== Data extract ==
--*--

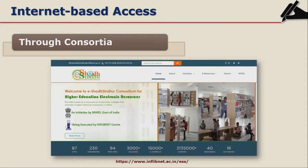Through consortia like Eshoda Sindhu you can get internet-based access. Eshoda Sindhu is an example of a consortium by Inflibnet. It is a consortium of journal articles and books in social sciences, humanities, management, and engineering. There were earlier consortia called INDEST and Infonet — INDEST was for engineering colleges, Infonet was for universities, and ENLIST was a database for colleges. All three are now merged into Eshoda Sindhu consortium by Inflibnet.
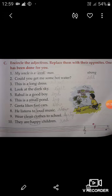Now let's start. First: 'My uncle is a weak man.' So students, in this sentence, 'weak' is an adjective. You have to replace the adjective 'weak' with the opposite of weak. The opposite of weak is strong. So you have to write 'strong' in front of this sentence. The first one is done like this — do the remaining sentences similarly.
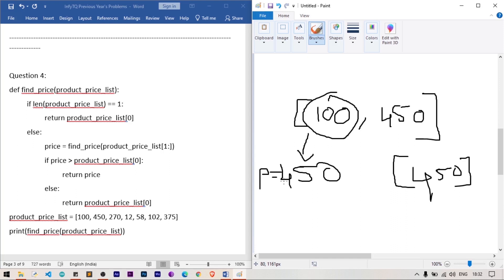These four models are repeated in every slot of the InfyTQ exam — last year it was conducted over five days with three slots per day, and these question types appeared in every slot. Be prepared with these four models. If you have any doubts, please comment below, and if you like this video, subscribe and share with your friends.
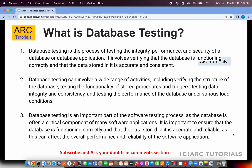Database testing involves a wide range of activities — right from verifying the schema and the structure of the database, to testing whether the stored procedures, triggers, or scripts you are doing for cleaning up the build, inserting data, data integrity, data format, whether it is consistent, testing the performance of the database under various load conditions, and much more. There is no single activity that can complete your database testing.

--*--

== Work to complete ==
Output the listing above exactly, pictures omitted.

== Written response ==
Through consortia like Eshoda Sindhu you can get internet-based access. Eshoda Sindhu is an example of a consortium by Inflibnet. It is a consortium of journal articles and books in social sciences, humanities, management, and engineering. There were earlier consortia called INDEST and Infonet — INDEST was for engineering colleges, Infonet was for universities, and ENLIST was a database for colleges. All three are now merged into Eshoda Sindhu consortium by Inflibnet.
Now let's start. First: 'My uncle is a weak man.' So students, in this sentence, 'weak' is an adjective. You have to replace the adjective 'weak' with the opposite of weak. The opposite of weak is strong. So you have to write 'strong' in front of this sentence. The first one is done like this — do the remaining sentences similarly.
These four models are repeated in every slot of the InfyTQ exam — last year it was conducted over five days with three slots per day, and these question types appeared in every slot. Be prepared with these four models. If you have any doubts, please comment below, and if you like this video, subscribe and share with your friends.
Database testing involves a wide range of activities — right from verifying the schema and the structure of the database, to testing whether the stored procedures, triggers, or scripts you are doing for cleaning up the build, inserting data, data integrity, data format, whether it is consistent, testing the performance of the database under various load conditions, and much more. There is no single activity that can complete your database testing.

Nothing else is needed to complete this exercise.